La pression d'objectifs difficiles à atteindre, l'instabilité liée aux cycles du marché, et une culture d'entreprise où l'on peine parfois à recevoir une évaluation juste : dans un tel environnement, il est facile de ressentir un vague sentiment d'inquiétude quant à sa carrière ou son avenir, et même, par moments, de perdre la passion pour son travail. Je connais moi-même, par expérience directe, la dureté de ce secteur.
Mais je l'affirme sans détour : si vous traversez une période difficile en ce moment, cela ne pose absolument aucun problème. Cette expérience est la pierre à aiguiser irremplaçable qui façonne le talent-capital que vous êtes. Il existe toutefois une condition absolue : un terreau, une « culture d'organisation », qui croit sincèrement au potentiel de chacun et soutient de toutes ses forces la prise de risque.

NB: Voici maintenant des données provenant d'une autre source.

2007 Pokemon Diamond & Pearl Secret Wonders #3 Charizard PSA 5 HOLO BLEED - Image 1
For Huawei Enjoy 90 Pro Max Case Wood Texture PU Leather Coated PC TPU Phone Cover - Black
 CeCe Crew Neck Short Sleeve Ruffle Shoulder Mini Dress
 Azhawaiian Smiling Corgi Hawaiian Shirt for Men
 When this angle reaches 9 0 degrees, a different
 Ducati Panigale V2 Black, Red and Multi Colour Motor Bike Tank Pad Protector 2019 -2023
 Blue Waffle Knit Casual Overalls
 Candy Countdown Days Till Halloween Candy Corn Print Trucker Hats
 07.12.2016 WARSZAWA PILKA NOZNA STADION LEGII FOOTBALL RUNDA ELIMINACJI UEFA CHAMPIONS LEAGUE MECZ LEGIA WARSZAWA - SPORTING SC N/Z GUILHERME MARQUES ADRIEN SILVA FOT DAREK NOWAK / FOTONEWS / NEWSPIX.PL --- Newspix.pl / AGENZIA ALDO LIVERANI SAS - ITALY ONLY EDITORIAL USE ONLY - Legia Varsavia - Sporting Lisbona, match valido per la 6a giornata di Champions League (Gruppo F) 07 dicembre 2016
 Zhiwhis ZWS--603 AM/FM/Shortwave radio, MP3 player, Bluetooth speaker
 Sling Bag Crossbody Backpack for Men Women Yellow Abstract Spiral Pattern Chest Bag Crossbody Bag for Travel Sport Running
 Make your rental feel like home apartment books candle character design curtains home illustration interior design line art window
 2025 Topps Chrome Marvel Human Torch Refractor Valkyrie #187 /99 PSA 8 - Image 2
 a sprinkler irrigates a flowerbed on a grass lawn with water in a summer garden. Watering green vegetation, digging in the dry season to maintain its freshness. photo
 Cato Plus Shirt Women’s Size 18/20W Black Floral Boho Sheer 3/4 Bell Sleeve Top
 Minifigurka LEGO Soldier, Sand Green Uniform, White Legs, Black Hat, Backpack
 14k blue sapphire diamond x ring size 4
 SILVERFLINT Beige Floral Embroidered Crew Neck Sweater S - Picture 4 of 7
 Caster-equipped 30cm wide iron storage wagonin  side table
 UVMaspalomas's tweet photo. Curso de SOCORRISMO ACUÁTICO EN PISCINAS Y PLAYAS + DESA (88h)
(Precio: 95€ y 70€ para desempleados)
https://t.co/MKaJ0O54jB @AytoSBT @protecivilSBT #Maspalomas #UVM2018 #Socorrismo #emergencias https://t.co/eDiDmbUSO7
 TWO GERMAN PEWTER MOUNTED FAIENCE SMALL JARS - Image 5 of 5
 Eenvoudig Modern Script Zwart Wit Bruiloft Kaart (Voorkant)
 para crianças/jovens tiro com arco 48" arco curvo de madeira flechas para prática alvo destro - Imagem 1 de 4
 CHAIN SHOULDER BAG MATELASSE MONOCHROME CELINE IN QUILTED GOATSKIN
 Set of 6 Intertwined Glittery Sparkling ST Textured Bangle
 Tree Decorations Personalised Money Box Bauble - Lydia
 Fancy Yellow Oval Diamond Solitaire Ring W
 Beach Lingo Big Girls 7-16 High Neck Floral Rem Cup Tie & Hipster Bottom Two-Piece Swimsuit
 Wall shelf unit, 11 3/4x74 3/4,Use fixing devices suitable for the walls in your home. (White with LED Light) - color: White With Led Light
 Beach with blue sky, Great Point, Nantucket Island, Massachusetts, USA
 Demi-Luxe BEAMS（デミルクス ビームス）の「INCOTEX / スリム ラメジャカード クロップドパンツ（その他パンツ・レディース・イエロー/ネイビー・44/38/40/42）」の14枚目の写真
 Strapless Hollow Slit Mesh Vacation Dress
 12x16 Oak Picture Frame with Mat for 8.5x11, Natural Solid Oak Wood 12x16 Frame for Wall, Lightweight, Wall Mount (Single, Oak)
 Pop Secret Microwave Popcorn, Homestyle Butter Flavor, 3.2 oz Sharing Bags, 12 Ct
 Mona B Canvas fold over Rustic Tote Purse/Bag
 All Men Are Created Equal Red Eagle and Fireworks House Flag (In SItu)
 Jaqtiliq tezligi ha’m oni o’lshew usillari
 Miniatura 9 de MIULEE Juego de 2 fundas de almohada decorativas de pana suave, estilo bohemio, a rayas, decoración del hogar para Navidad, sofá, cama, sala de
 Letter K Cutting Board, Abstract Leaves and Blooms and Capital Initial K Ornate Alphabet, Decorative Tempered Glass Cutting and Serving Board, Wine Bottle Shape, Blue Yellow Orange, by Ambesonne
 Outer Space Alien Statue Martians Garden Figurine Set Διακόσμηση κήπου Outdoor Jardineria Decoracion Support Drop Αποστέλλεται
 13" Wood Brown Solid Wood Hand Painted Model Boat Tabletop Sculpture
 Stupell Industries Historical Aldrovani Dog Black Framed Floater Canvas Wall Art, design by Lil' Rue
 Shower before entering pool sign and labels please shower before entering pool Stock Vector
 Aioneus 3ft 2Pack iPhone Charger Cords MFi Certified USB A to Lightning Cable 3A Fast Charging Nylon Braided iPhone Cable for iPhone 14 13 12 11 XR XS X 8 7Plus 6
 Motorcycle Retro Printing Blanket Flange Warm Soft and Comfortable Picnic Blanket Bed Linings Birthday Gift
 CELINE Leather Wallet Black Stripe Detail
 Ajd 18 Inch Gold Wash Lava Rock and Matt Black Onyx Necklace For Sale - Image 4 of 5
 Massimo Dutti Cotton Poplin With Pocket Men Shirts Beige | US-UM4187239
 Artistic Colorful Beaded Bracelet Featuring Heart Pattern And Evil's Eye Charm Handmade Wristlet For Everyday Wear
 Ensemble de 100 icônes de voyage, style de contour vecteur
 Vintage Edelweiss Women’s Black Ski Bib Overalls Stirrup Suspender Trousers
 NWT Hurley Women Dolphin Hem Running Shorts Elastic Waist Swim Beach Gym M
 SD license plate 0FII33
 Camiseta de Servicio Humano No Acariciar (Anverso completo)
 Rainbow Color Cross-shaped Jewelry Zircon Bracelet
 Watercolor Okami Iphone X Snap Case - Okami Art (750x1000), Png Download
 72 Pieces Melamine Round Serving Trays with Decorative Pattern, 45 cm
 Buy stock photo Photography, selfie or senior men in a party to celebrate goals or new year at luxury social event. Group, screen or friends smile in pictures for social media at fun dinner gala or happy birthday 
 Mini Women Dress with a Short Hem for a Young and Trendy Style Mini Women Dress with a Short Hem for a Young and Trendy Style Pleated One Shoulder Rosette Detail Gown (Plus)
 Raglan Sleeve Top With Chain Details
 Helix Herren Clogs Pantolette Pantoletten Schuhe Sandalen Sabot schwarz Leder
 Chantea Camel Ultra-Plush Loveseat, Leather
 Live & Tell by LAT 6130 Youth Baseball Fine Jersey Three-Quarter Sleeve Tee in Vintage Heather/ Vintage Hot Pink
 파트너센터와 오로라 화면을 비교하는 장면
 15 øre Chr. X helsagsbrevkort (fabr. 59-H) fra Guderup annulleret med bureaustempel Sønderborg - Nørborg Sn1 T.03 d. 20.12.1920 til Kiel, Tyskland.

Dans cet article, j'aimerais expliquer pourquoi nous plaçons l'investissement dans le « talent-capital » au fondement même de notre gestion, et en quoi des « paroles qui croient au potentiel » finissent par créer une organisation véritablement performante — ainsi que la philosophie et les pratiques concrètes qui en découlent.
Précisons d'emblée un point de vocabulaire japonais qui ne se traduit pas directement. Le terme habituel pour désigner les « ressources humaines » est 人材 (jinzai), littéralement « matériau humain » : le second caractère signifie matériau, bois d'œuvre. Notre entreprise lui substitue systématiquement un homophone, 人財, où ce même caractère est remplacé par celui de « richesse » ou de « trésor ». Le mot se prononce à l'identique, mais son écriture change radicalement de sens : la personne n'est plus un matériau que l'on consomme, mais un capital précieux dans lequel on investit. Dans la suite de cet article, nous traduisons ce terme par « talent-capital ».
Quels sont les défis structurels « humains » du secteur immobilier ?
La plupart des difficultés du secteur immobilier proviennent de trois facteurs structurels : une culture du résultat à court terme, une organisation restée archaïque, et un retard dans l'adoption des technologies. Ce sont des problèmes d'« environnement » que l'effort individuel seul ne peut résoudre.
Derrière son image prestigieuse, le secteur immobilier reste, pour celles et ceux qui y travaillent, porteur de nombreuses difficultés. Ces difficultés sont difficiles à surmonter par le seul effort personnel : elles relèvent d'un problème structurel qui concerne l'organisation dans son ensemble. Commençons par regarder cette réalité en face.
Le lecteur francophone reconnaîtra sans peine ce tableau : le secteur de l'immobilier, en France comme en Belgique ou en Suisse romande, souffre d'une réputation comparable — rémunération à la commission, forte pression commerciale, rotation élevée du personnel — que confirment régulièrement les études sur la qualité de vie au travail dans les métiers de la vente.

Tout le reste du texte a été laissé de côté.